==== Supplied material ====

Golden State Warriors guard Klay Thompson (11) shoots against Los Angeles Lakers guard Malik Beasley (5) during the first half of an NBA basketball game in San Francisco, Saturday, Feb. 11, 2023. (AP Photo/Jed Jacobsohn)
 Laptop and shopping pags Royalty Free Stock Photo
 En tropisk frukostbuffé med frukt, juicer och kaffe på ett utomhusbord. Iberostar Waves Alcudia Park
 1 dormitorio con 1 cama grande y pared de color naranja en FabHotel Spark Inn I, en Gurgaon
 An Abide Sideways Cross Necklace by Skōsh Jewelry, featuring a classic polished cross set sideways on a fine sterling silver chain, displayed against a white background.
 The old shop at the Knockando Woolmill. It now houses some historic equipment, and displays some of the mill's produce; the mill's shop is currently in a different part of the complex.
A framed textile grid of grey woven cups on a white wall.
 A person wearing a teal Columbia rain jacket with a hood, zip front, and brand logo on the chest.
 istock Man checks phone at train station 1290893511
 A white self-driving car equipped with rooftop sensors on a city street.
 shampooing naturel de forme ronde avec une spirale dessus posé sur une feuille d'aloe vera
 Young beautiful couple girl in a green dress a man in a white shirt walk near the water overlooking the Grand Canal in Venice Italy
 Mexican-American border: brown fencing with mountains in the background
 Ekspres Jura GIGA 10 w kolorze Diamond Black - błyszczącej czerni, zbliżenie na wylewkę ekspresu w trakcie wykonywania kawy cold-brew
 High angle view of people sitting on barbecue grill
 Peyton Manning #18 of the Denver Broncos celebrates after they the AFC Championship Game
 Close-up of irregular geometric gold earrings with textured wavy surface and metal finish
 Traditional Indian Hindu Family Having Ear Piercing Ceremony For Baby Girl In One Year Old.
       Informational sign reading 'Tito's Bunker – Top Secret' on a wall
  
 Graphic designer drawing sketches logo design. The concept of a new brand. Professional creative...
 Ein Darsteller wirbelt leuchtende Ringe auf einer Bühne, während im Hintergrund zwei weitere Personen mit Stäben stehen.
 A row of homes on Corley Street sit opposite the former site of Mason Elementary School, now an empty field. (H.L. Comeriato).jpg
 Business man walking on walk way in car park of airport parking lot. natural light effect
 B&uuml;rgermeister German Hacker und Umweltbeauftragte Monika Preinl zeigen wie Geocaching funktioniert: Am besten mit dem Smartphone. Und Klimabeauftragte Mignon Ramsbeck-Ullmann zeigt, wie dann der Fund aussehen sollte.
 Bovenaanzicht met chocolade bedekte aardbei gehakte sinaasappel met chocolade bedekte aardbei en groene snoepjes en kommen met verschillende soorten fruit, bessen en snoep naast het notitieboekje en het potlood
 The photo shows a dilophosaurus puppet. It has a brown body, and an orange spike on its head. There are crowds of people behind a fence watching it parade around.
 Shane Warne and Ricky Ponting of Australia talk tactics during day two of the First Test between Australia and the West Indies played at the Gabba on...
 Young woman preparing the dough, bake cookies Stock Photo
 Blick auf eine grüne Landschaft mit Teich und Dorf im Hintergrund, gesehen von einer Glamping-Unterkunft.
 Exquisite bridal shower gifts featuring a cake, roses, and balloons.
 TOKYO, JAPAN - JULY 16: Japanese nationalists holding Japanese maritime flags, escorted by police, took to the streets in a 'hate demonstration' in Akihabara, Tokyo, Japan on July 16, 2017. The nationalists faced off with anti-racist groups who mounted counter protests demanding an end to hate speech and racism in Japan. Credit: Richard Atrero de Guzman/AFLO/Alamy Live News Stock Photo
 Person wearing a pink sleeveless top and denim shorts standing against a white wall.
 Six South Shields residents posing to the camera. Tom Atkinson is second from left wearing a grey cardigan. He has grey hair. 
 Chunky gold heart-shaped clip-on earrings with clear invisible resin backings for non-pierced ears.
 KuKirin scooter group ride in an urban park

====

Your task: Each entry above should be output again, precisely as given.

Result of this task:
Golden State Warriors guard Klay Thompson (11) shoots against Los Angeles Lakers guard Malik Beasley (5) during the first half of an NBA basketball game in San Francisco, Saturday, Feb. 11, 2023. (AP Photo/Jed Jacobsohn)
 Laptop and shopping pags Royalty Free Stock Photo
 En tropisk frukostbuffé med frukt, juicer och kaffe på ett utomhusbord. Iberostar Waves Alcudia Park
 1 dormitorio con 1 cama grande y pared de color naranja en FabHotel Spark Inn I, en Gurgaon
 An Abide Sideways Cross Necklace by Skōsh Jewelry, featuring a classic polished cross set sideways on a fine sterling silver chain, displayed against a white background.
 The old shop at the Knockando Woolmill. It now houses some historic equipment, and displays some of the mill's produce; the mill's shop is currently in a different part of the complex.
A framed textile grid of grey woven cups on a white wall.
 A person wearing a teal Columbia rain jacket with a hood, zip front, and brand logo on the chest.
 istock Man checks phone at train station 1290893511
 A white self-driving car equipped with rooftop sensors on a city street.
 shampooing naturel de forme ronde avec une spirale dessus posé sur une feuille d'aloe vera
 Young beautiful couple girl in a green dress a man in a white shirt walk near the water overlooking the Grand Canal in Venice Italy
 Mexican-American border: brown fencing with mountains in the background
 Ekspres Jura GIGA 10 w kolorze Diamond Black - błyszczącej czerni, zbliżenie na wylewkę ekspresu w trakcie wykonywania kawy cold-brew
 High angle view of people sitting on barbecue grill
 Peyton Manning #18 of the Denver Broncos celebrates after they the AFC Championship Game
 Close-up of irregular geometric gold earrings with textured wavy surface and metal finish
 Traditional Indian Hindu Family Having Ear Piercing Ceremony For Baby Girl In One Year Old.
       Informational sign reading 'Tito's Bunker – Top Secret' on a wall
  
 Graphic designer drawing sketches logo design. The concept of a new brand. Professional creative...
 Ein Darsteller wirbelt leuchtende Ringe auf einer Bühne, während im Hintergrund zwei weitere Personen mit Stäben stehen.
 A row of homes on Corley Street sit opposite the former site of Mason Elementary School, now an empty field. (H.L. Comeriato).jpg
 Business man walking on walk way in car park of airport parking lot. natural light effect
 B&uuml;rgermeister German Hacker und Umweltbeauftragte Monika Preinl zeigen wie Geocaching funktioniert: Am besten mit dem Smartphone. Und Klimabeauftragte Mignon Ramsbeck-Ullmann zeigt, wie dann der Fund aussehen sollte.
 Bovenaanzicht met chocolade bedekte aardbei gehakte sinaasappel met chocolade bedekte aardbei en groene snoepjes en kommen met verschillende soorten fruit, bessen en snoep naast het notitieboekje en het potlood
 The photo shows a dilophosaurus puppet. It has a brown body, and an orange spike on its head. There are crowds of people behind a fence watching it parade around.
 Shane Warne and Ricky Ponting of Australia talk tactics during day two of the First Test between Australia and the West Indies played at the Gabba on...
 Young woman preparing the dough, bake cookies Stock Photo
 Blick auf eine grüne Landschaft mit Teich und Dorf im Hintergrund, gesehen von einer Glamping-Unterkunft.
 Exquisite bridal shower gifts featuring a cake, roses, and balloons.
 TOKYO, JAPAN - JULY 16: Japanese nationalists holding Japanese maritime flags, escorted by police, took to the streets in a 'hate demonstration' in Akihabara, Tokyo, Japan on July 16, 2017. The nationalists faced off with anti-racist groups who mounted counter protests demanding an end to hate speech and racism in Japan. Credit: Richard Atrero de Guzman/AFLO/Alamy Live News Stock Photo
 Person wearing a pink sleeveless top and denim shorts standing against a white wall.
 Six South Shields residents posing to the camera. Tom Atkinson is second from left wearing a grey cardigan. He has grey hair. 
 Chunky gold heart-shaped clip-on earrings with clear invisible resin backings for non-pierced ears.
 KuKirin scooter group ride in an urban park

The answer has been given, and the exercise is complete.